**DIRECTIONS:**
In the listing below, find the line with "this 1200×890 image." and copy every line from there up to and including the line with "this 800×534 image.", exactly and without pictures.

**RECORDED DATA:**
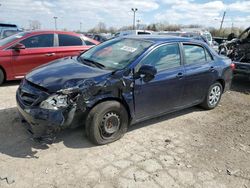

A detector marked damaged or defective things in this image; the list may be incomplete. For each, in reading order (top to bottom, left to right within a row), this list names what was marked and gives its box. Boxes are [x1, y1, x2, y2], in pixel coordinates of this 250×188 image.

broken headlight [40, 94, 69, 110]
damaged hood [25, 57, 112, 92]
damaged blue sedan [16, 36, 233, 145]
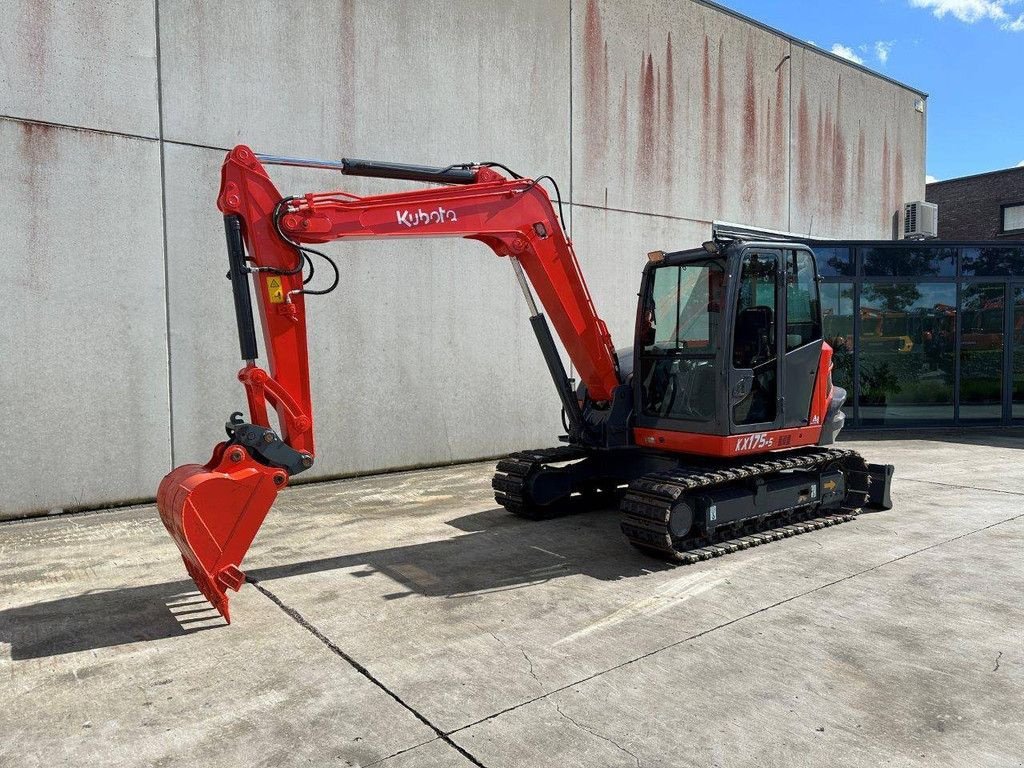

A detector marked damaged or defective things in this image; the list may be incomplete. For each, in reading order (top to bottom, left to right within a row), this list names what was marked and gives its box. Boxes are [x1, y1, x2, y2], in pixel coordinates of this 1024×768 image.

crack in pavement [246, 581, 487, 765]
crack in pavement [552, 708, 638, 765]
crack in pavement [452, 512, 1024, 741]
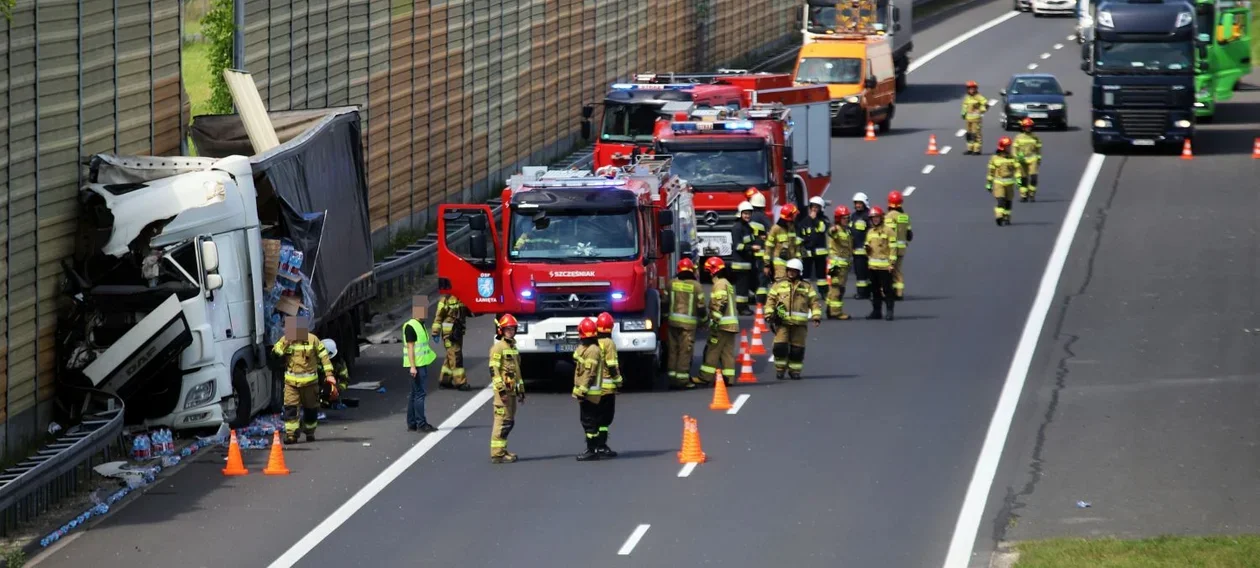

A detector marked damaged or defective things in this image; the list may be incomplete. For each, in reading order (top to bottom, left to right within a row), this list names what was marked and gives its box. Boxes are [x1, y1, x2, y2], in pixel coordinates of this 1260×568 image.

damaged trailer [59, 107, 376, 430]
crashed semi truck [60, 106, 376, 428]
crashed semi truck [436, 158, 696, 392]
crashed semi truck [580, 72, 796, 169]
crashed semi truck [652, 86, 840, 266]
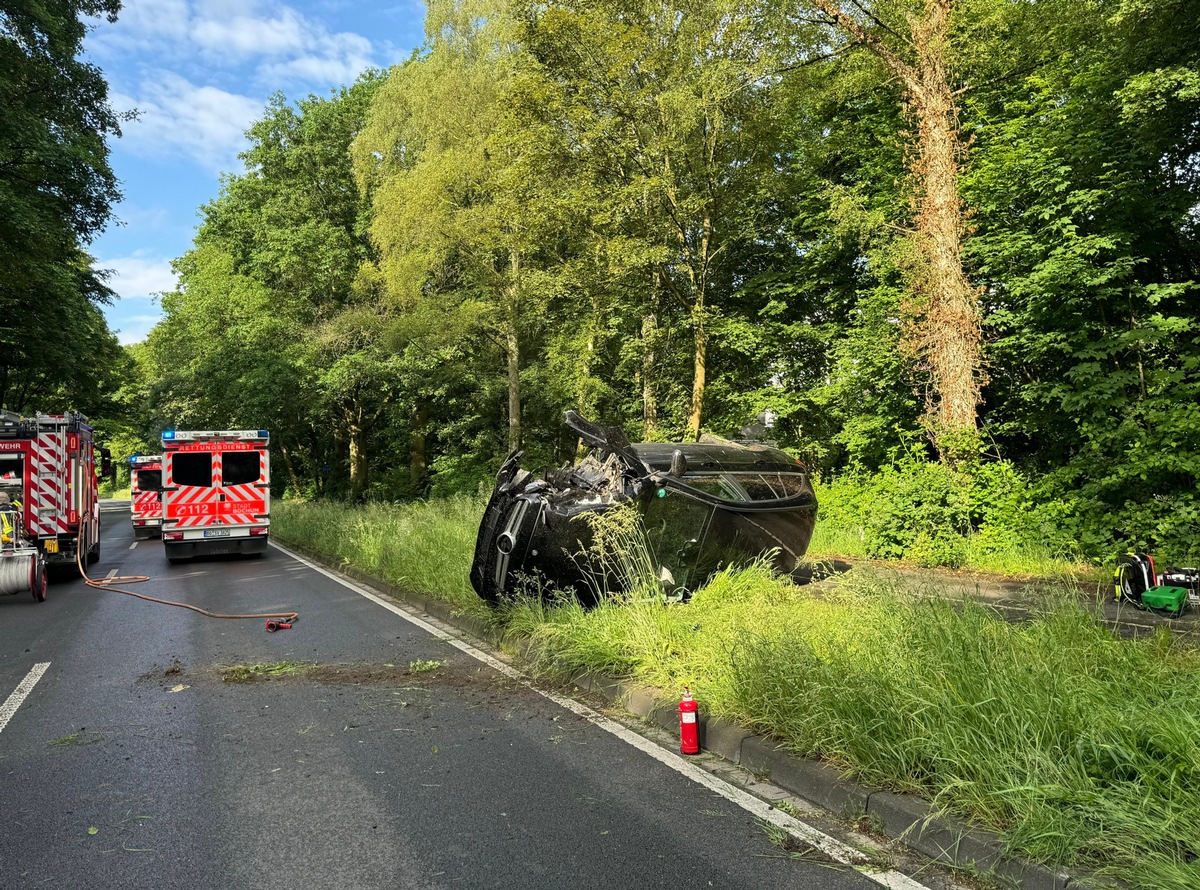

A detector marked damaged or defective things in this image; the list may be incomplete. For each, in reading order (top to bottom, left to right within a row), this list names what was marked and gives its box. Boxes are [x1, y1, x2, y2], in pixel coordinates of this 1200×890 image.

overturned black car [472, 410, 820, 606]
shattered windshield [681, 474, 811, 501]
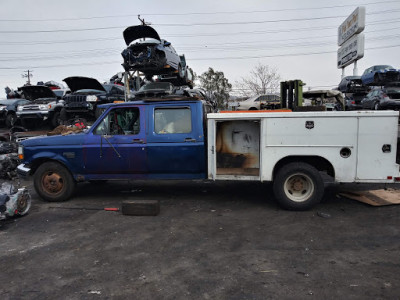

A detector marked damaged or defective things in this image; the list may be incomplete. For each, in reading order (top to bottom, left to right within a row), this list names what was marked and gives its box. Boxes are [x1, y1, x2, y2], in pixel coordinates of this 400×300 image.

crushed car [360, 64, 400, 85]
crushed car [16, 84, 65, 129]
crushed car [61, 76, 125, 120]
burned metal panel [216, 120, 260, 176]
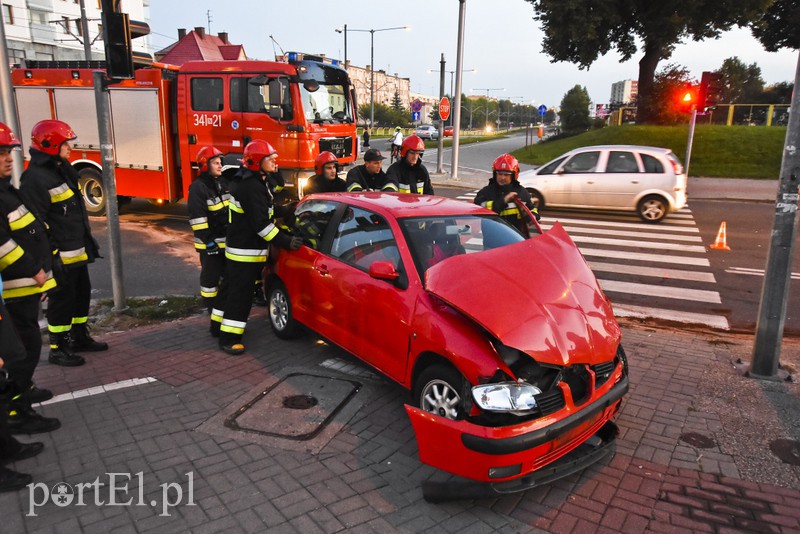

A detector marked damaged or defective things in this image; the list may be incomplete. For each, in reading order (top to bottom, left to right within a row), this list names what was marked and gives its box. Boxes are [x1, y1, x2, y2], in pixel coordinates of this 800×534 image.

--

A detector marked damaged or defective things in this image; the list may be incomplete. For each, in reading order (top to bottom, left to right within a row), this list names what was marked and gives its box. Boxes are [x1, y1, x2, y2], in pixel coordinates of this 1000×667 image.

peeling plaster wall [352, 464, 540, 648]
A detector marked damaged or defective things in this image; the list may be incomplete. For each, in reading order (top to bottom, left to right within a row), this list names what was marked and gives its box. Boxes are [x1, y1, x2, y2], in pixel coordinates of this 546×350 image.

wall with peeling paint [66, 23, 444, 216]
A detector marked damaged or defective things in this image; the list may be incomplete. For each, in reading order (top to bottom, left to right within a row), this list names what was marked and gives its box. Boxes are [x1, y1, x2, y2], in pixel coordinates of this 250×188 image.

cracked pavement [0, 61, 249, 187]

* * *

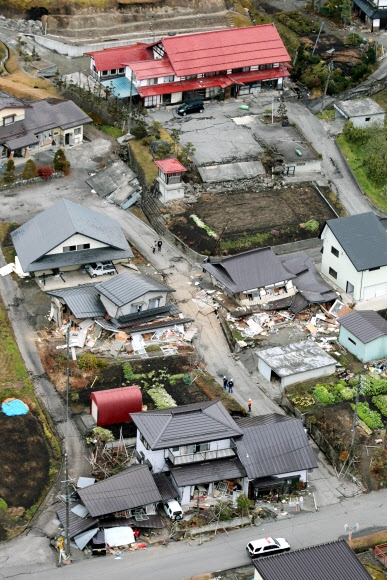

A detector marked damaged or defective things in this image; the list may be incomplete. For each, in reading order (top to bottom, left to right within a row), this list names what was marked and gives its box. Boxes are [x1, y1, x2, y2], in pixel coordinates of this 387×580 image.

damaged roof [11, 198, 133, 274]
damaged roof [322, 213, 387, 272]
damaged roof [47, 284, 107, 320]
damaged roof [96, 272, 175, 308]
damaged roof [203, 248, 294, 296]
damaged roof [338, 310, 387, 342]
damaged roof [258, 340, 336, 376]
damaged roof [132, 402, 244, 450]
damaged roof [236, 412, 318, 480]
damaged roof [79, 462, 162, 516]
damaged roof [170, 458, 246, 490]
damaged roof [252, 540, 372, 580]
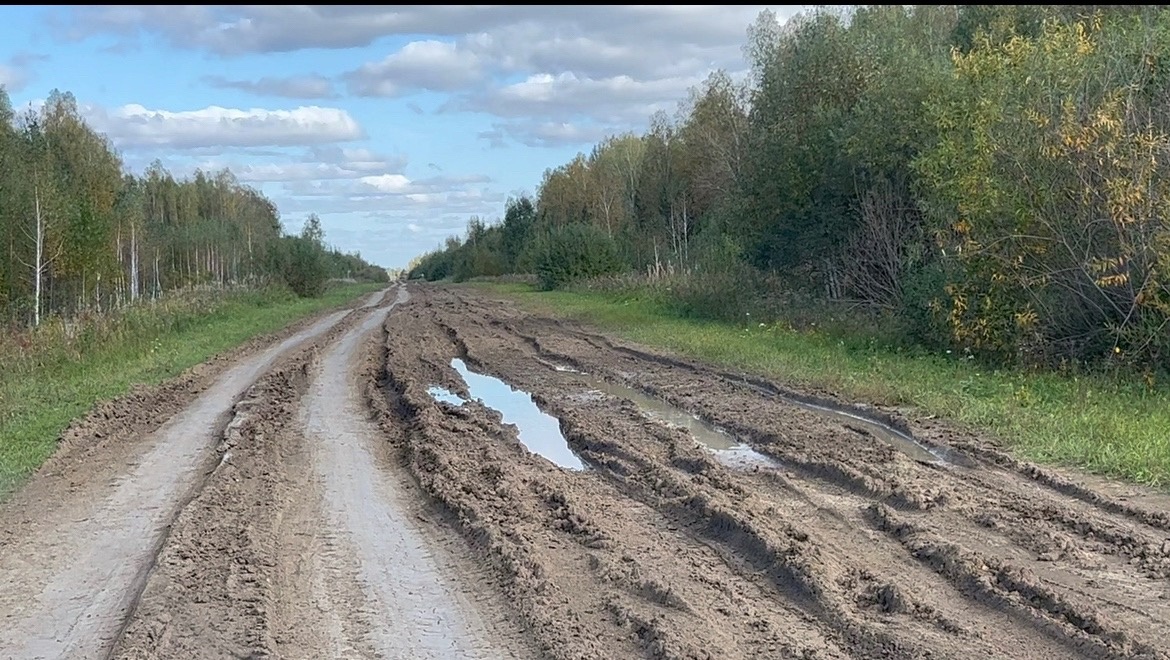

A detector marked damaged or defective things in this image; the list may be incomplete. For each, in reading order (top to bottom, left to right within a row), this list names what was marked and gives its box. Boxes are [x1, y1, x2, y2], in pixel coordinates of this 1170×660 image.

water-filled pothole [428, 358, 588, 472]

**SOLUTION FOR THIS PROBLEM:**
A detector marked damaged or defective things in this image; the list may be incomplete. For each, in reading order (top to bottom, left to right within a row), this list names what was marked and gives its box. Boxes are [x1, y1, x2, y2], in pixel coordinates of this 1200×890 image.

overturned black car [472, 410, 820, 606]
shattered windshield [681, 474, 811, 501]

A detector marked damaged or defective things in this image; the list may be incomplete. For each, in reading order (top to bottom, left to right within a row), this list names what was marked and gives its box. Boxes are [x1, y1, x2, y2], in pixel coordinates of this 400×300 image.

crushed car [360, 64, 400, 85]
crushed car [16, 84, 65, 129]
crushed car [61, 76, 125, 120]
burned metal panel [216, 120, 260, 176]

A detector marked damaged or defective things in this image; the list may be incomplete. For each, in reading order (top to bottom, left to right within a row), this list names what was marked and gives its box. Boxes are [x1, y1, x2, y2], in pixel coordinates of this 800×534 image.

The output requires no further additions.